▶ **Data provided**:
* * *
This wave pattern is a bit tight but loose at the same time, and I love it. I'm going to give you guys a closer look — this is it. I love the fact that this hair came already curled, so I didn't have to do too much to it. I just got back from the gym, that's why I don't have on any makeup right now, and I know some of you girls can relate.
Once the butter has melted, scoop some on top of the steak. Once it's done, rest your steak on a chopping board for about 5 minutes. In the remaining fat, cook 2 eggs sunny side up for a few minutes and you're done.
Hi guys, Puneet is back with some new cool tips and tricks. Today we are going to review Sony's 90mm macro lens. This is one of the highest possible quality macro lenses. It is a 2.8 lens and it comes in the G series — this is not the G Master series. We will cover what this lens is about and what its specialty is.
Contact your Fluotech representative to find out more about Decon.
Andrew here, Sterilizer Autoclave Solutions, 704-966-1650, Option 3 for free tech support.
* * *
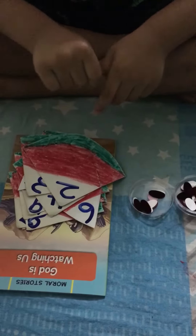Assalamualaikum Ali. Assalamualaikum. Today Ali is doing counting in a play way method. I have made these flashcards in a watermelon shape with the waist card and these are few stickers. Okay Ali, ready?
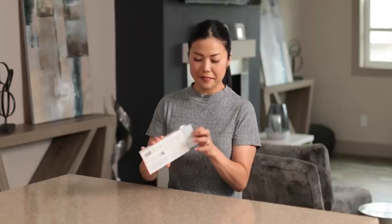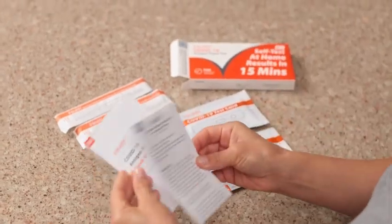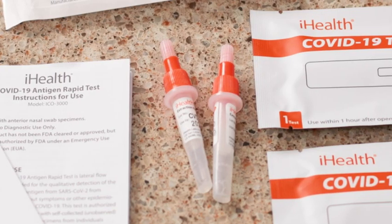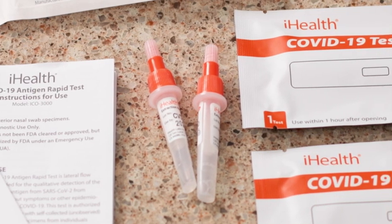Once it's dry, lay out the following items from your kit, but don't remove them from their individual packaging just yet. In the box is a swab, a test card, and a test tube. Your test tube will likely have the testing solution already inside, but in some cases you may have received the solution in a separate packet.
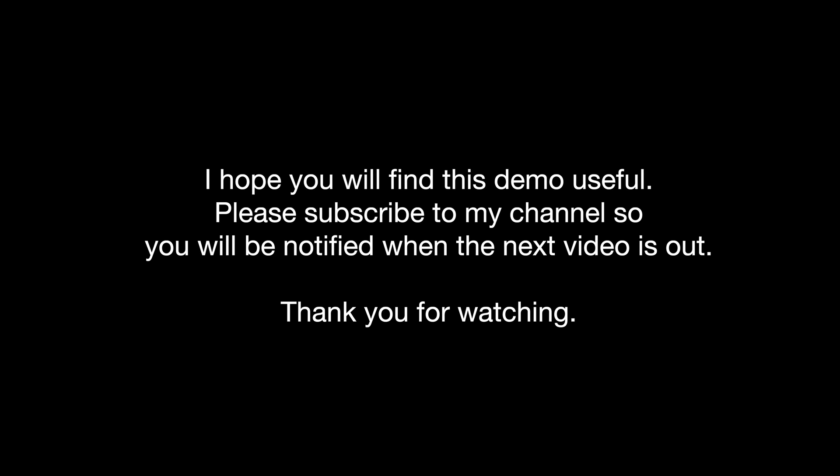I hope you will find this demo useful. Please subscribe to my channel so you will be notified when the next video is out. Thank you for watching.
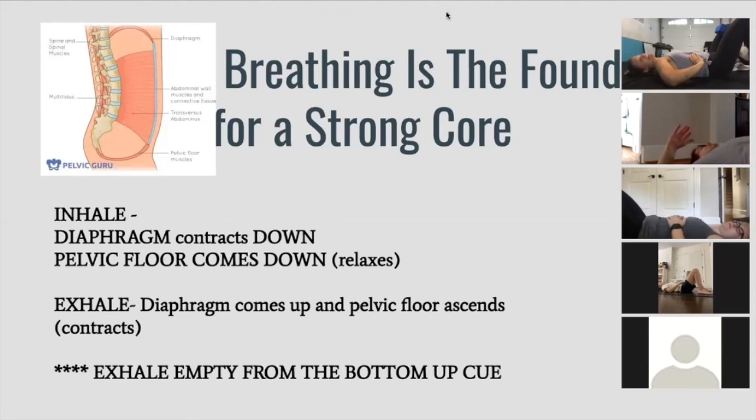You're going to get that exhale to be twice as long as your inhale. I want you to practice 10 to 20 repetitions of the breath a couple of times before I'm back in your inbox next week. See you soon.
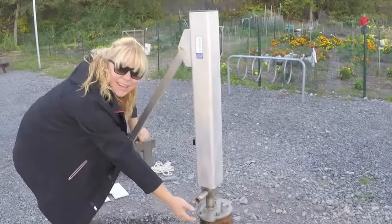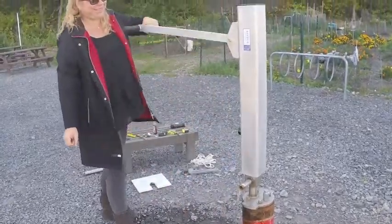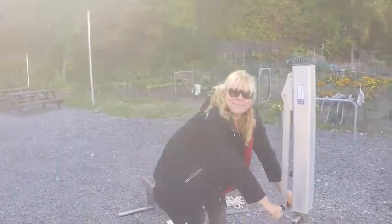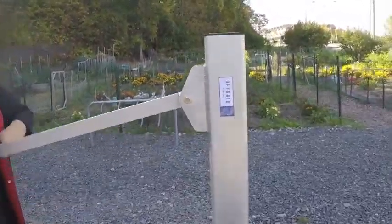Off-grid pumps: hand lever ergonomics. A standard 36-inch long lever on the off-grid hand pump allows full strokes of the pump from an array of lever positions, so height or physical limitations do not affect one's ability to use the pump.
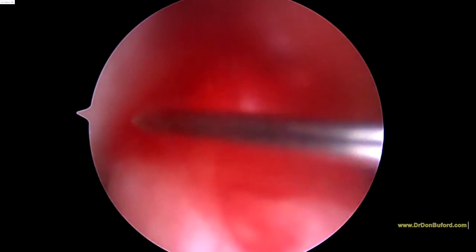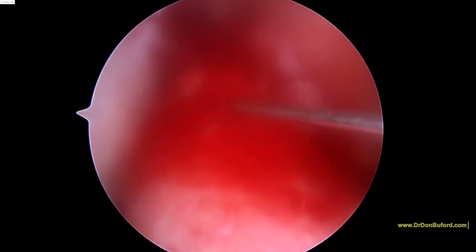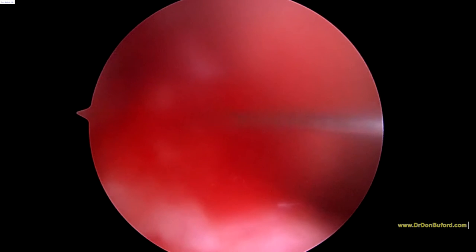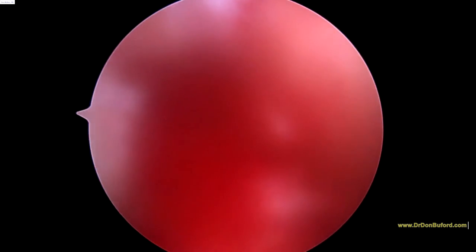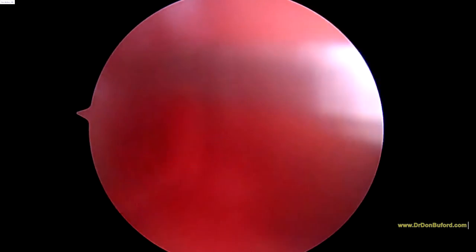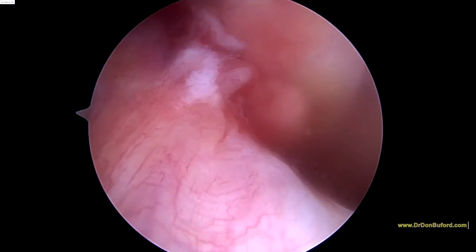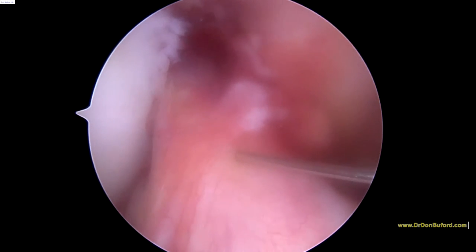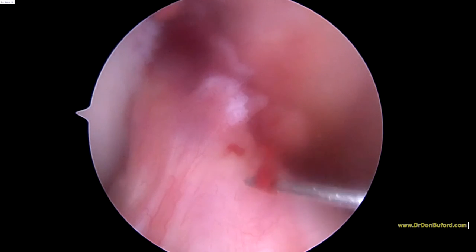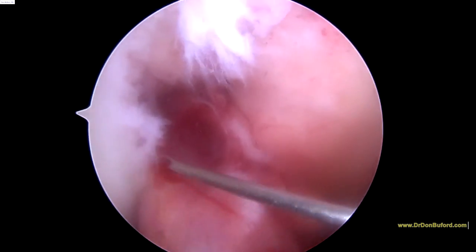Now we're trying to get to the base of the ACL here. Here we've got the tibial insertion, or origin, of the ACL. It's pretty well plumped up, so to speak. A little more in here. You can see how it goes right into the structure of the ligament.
* * *
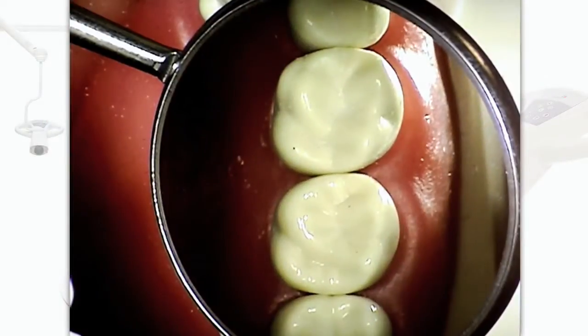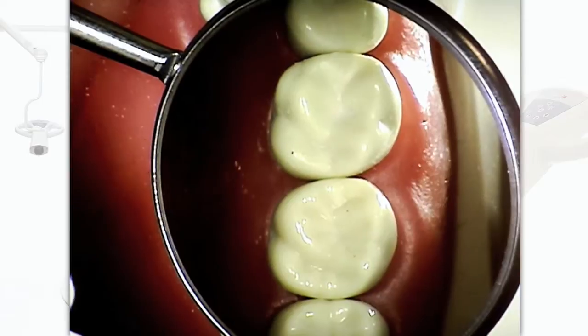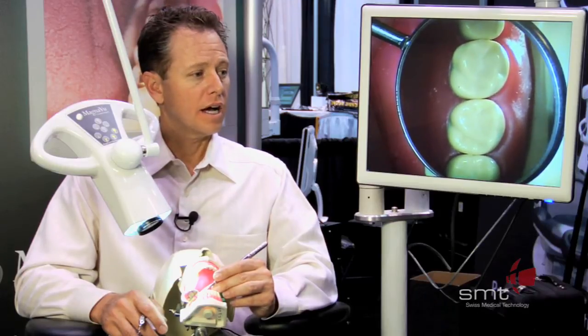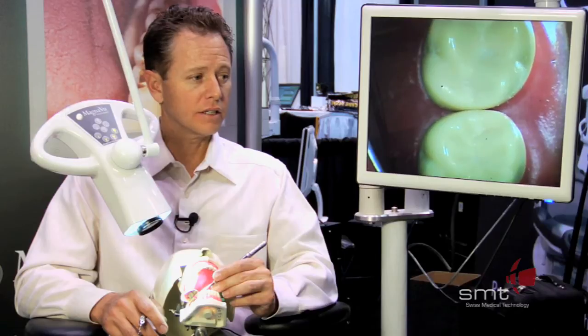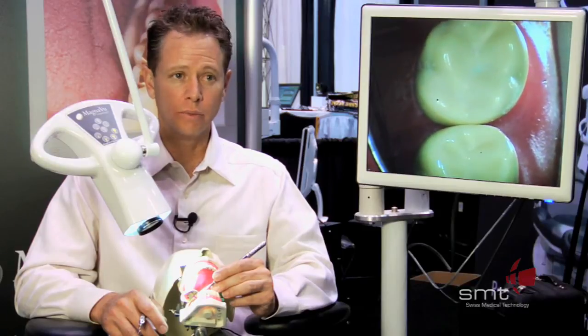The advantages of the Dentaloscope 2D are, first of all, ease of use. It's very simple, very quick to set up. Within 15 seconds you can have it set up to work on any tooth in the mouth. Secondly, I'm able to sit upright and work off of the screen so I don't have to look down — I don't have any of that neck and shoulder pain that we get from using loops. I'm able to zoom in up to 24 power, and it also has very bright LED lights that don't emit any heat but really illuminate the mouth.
* * *
▶ **Task brief**: Write out word for word the lines of the listing above from the line with "I hope you will" to the line with "Now we're trying", taking in both of those lines but no pictures.

▶ **Problem solution**:
I hope you will find this demo useful. Please subscribe to my channel so you will be notified when the next video is out. Thank you for watching.
You're going to get that exhale to be twice as long as your inhale. I want you to practice 10 to 20 repetitions of the breath a couple of times before I'm back in your inbox next week. See you soon.
Off-grid pumps: hand lever ergonomics. A standard 36-inch long lever on the off-grid hand pump allows full strokes of the pump from an array of lever positions, so height or physical limitations do not affect one's ability to use the pump.
Now we're trying to get to the base of the ACL here. Here we've got the tibial insertion, or origin, of the ACL. It's pretty well plumped up, so to speak. A little more in here. You can see how it goes right into the structure of the ligament.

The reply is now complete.